Would you give the listing back word for word once its pictures are removed?

++++++

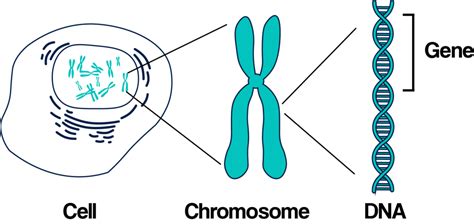 Year 9 Genes and Chromosomes Diagram | Quizlet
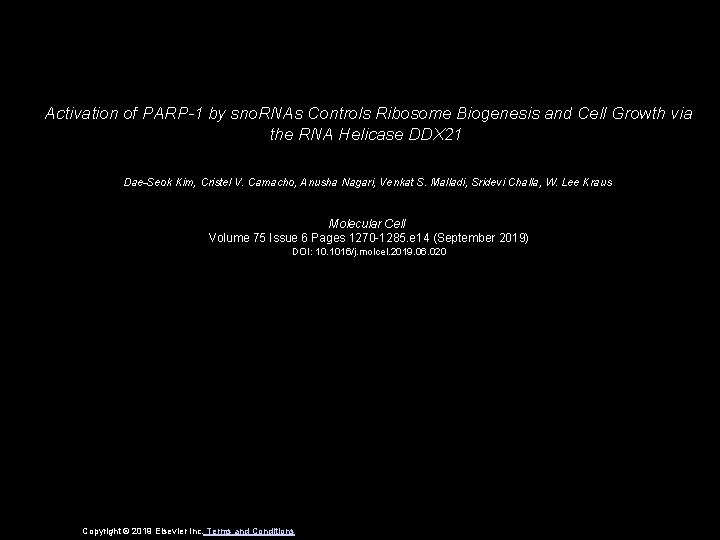 Activation of PARP-1 by sno. RNAs Controls Ribosome Biogenesis and Cell Growth via the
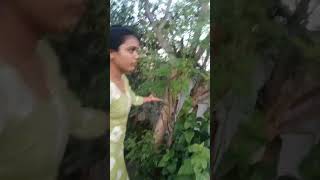 Mango tree natamoch part2🥰🥳😃 shorts youtubeshorts viral trending viralvideos mango home [upl. by Noam]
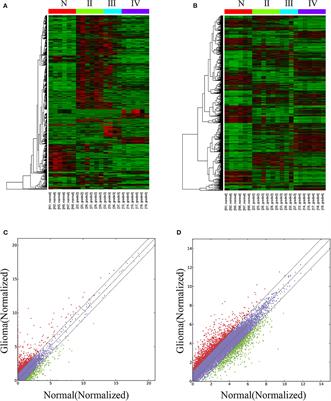 Pathological Grade-Associated Transcriptome Profiling of lncRNAs and mRNAs in Gliomas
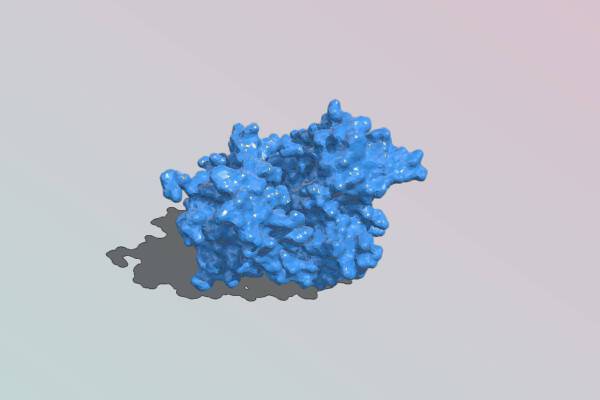 Trex1 protein | 3d print model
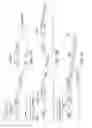 Fig. 05 - METABOLICALLY ACTIVATED RECOMBINANT VIRAL VECTORS AND METHODS FOR THEIR PREPARATION AND USE
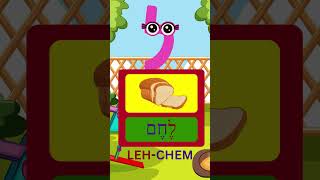 Learn Your AlefBets hebrew viral israel kids fun learning song music letters alphabet [upl. by Hgielrebma]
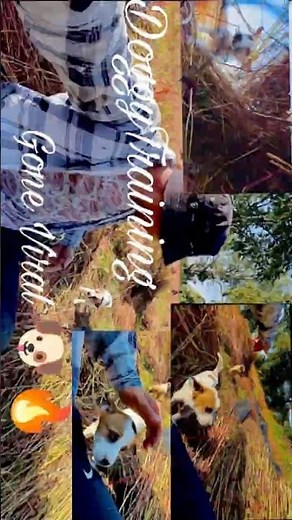 Doggy Training Gone Viral 🐶🔥 #doggytraining #petlove #doglover #cutedog #petshorts #doglife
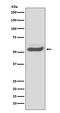 Alpha-1-antitrypsin antibody, M00720-1, Boster Biological Technology, Western Blot image 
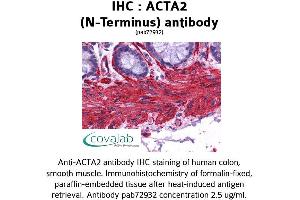 Image no. 2 for anti-Actin, alpha 2, Smooth Muscle, Aorta (ACTA2) (N-Term) antibody (ABIN1731470) (Smooth Muscle Actin 抗体  (N-Term))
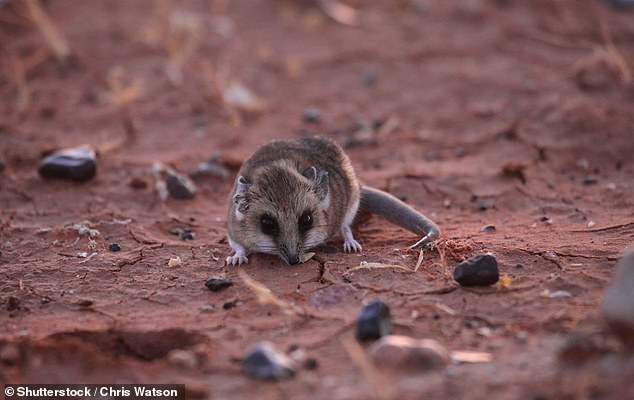 By comparing these genes to the Tasmanian Tigers closest relative, the fat-tailed dunnart (pictured), the scientists hope to identify the 'key genes' which make the Tasmanian Tiger different to other animals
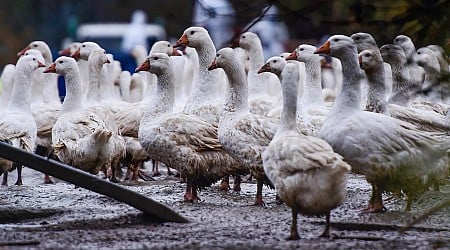 Verschwörungserzählungen zur Vogelgrippe gehen viral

++++++

__Exercise result__:
 Year 9 Genes and Chromosomes Diagram | Quizlet
 Activation of PARP-1 by sno. RNAs Controls Ribosome Biogenesis and Cell Growth via the
 Mango tree natamoch part2🥰🥳😃 shorts youtubeshorts viral trending viralvideos mango home [upl. by Noam]
 Pathological Grade-Associated Transcriptome Profiling of lncRNAs and mRNAs in Gliomas
 Trex1 protein | 3d print model
 Fig. 05 - METABOLICALLY ACTIVATED RECOMBINANT VIRAL VECTORS AND METHODS FOR THEIR PREPARATION AND USE
 Learn Your AlefBets hebrew viral israel kids fun learning song music letters alphabet [upl. by Hgielrebma]
 Doggy Training Gone Viral 🐶🔥 #doggytraining #petlove #doglover #cutedog #petshorts #doglife
 Alpha-1-antitrypsin antibody, M00720-1, Boster Biological Technology, Western Blot image 
 Image no. 2 for anti-Actin, alpha 2, Smooth Muscle, Aorta (ACTA2) (N-Term) antibody (ABIN1731470) (Smooth Muscle Actin 抗体  (N-Term))
 By comparing these genes to the Tasmanian Tigers closest relative, the fat-tailed dunnart (pictured), the scientists hope to identify the 'key genes' which make the Tasmanian Tiger different to other animals
 Verschwörungserzählungen zur Vogelgrippe gehen viral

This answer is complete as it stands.